# Treated Unfairly for being Childless?



## maryt (25 Jan 2010)

*I've worked for the same small company for fifteen years and loved it.  I've hardly ever taken time off sick and I've been commended and praised on my work etc. by management.  I work with two other colleagues - both mothers.  I am married, with no children (even though we tried for years and would both have loved a family).  One of my colleagues who has worked here for some time before me has always worked part-time (needed to drop and pick kids up from school). No problem.  She then took every summer (July/August) off (school holidays).  This arrangement is being made permanent this year as it's an 'historical' arrangement (is there such a thing?).  My other colleague has worked here, part-time, for four years. She also has children.  She has now asked for a reduction in hours during July/August so that she can take the kids to the beach!  I work a four day week and asked for a reduction to 2 or 3 days as my husband needs help with his business.  I was refused!  I have worked diligently for fifteen years.  I'm so upset.  If I had children I think my request would have been looked on differently.  I feel like telling them to go and take a jump but that would be shooting myself in the foot.  I really need a break for the place.  I'm not getting at all those who have children but I do feel like I've been discrimated against.  Do I have any rights at all?*


----------



## Purple (25 Jan 2010)

Did you ask for reduced hours before or after your colleague who wants to bring the kids to the beach asked?

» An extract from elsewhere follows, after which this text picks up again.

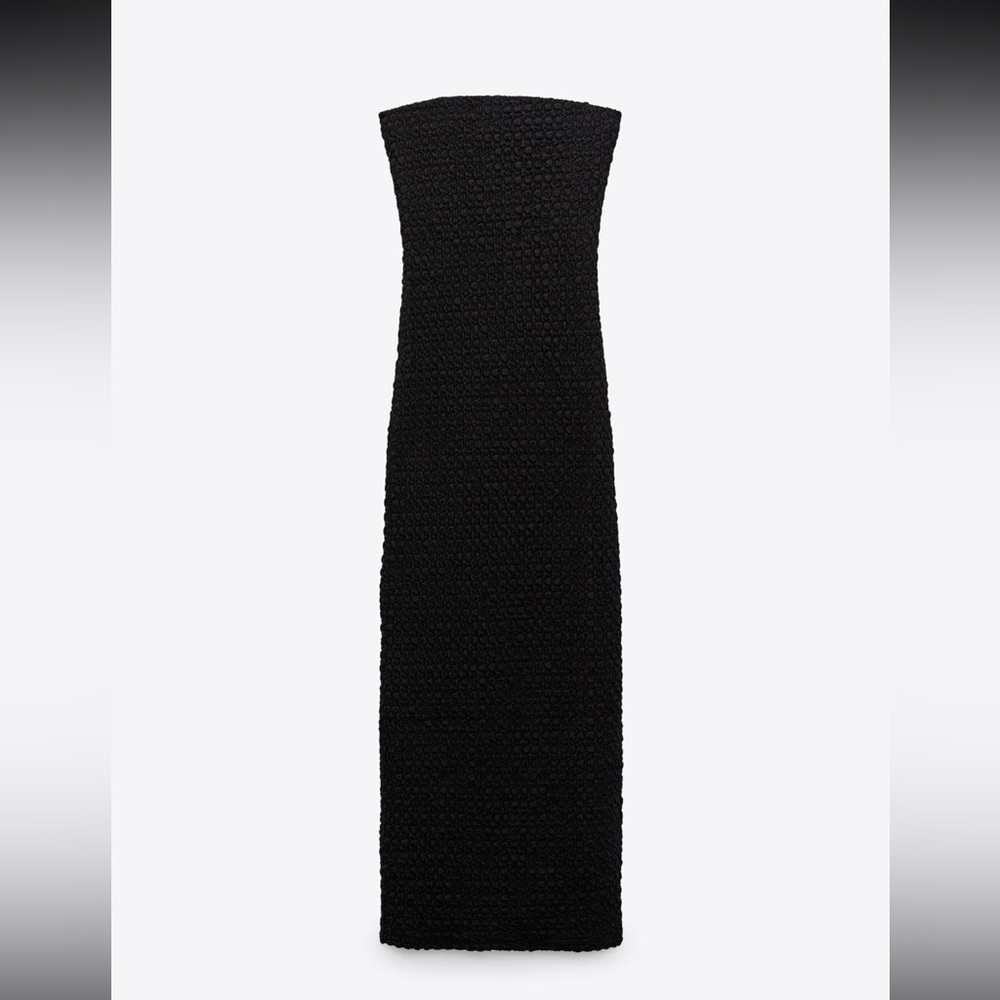 Elegant textured Black Strapless Dress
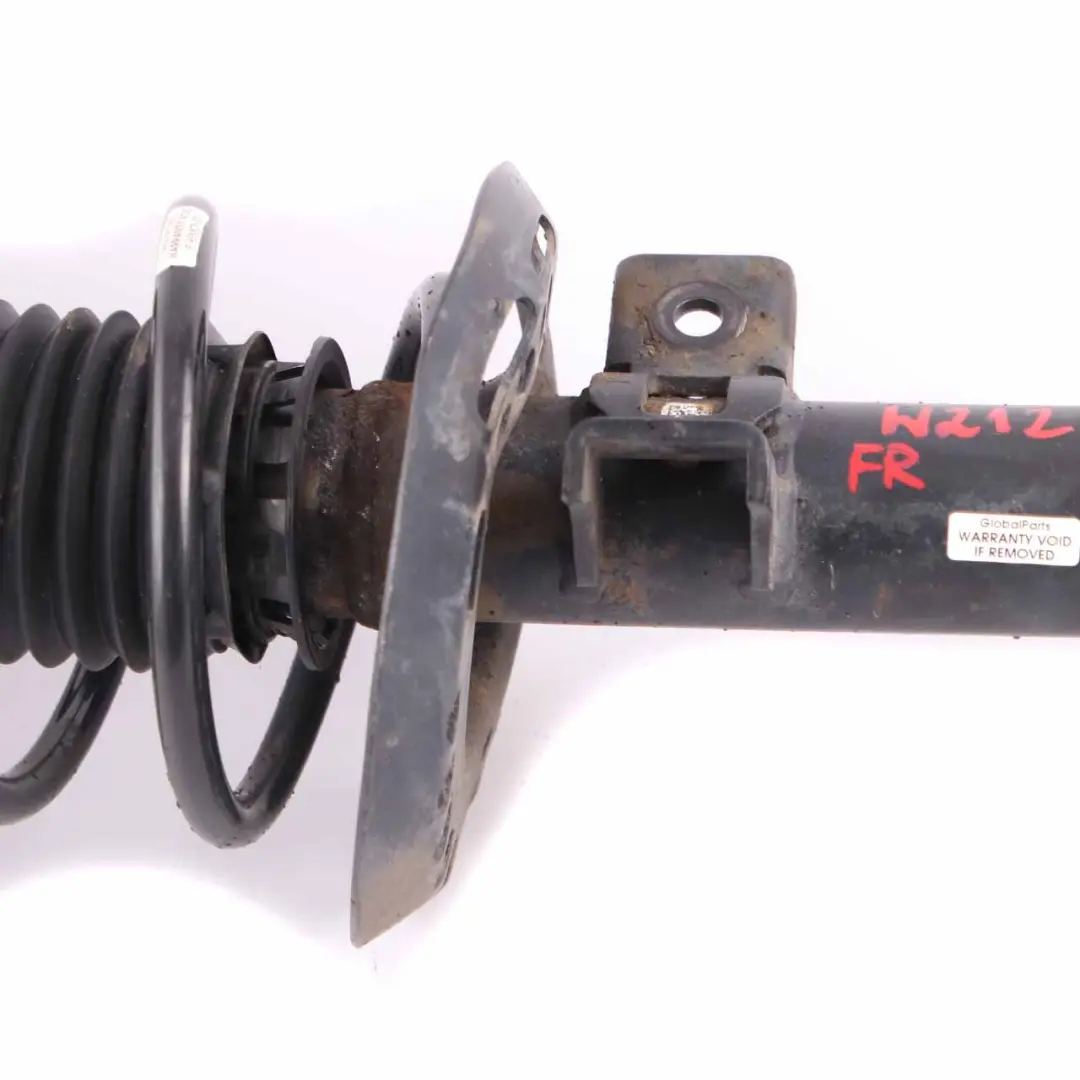 Puntone a molla Ammortizzatore anteriore destro per Mercedes W212 con numero di parte A2123201238 Mercedes W212 Puntone a molla Ammortizzatore anteriore destro - SKU A2123201238 - Numero di parte A2123201238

Do you all do the same sort of work?


----------



## moneygrower (25 Jan 2010)

That does sound unfair. Maybe the mother's are being accommodated as the employers fears being seen to discriminate if they don't? 
Or perhaps the company has a policy of accommodating parents and the policy doesn't extend to other situations?


----------



## maryt (25 Jan 2010)

I have been asking for reduced hours for the past two years.  And no, there is no policy here with regards to parents etc. - it was a 'decision' that they made.  We all do relatively the same work, i.e. we could all cover for each other, albeit one girl works in a different part of the building (the one taking all July/August off).  They are bringing another 'part-timer' (two half days and one full day) in to help with the workload so that she 'crosses over' our working hours e.g she'll cover for girl going off early (taking kids to beach).  I have been told that I'm the 'back-bone' of the company, I know the ins & outs of everything here and I run things well.  Great commendation I know, but it hasn't done me any good in the long run. So why would they bother to reduce my hours when I'm a good worker?  They don't have to by law but then again they didn't have to agree to reduced working hours for the others either but they did.  I could hand my notice in but jobs are scarce out there or maybe I could say that I'm under stress and need to take time off which I'd hate to do in all conscience.  Right now I'm just upset.  I think it's so unfair.  I seem to have less lawful rights than a parent has.


----------



## Purple (25 Jan 2010)

It is very unfair and discriminatory to have a policy of accommodating parents like that. Do they get paid less because they have kids?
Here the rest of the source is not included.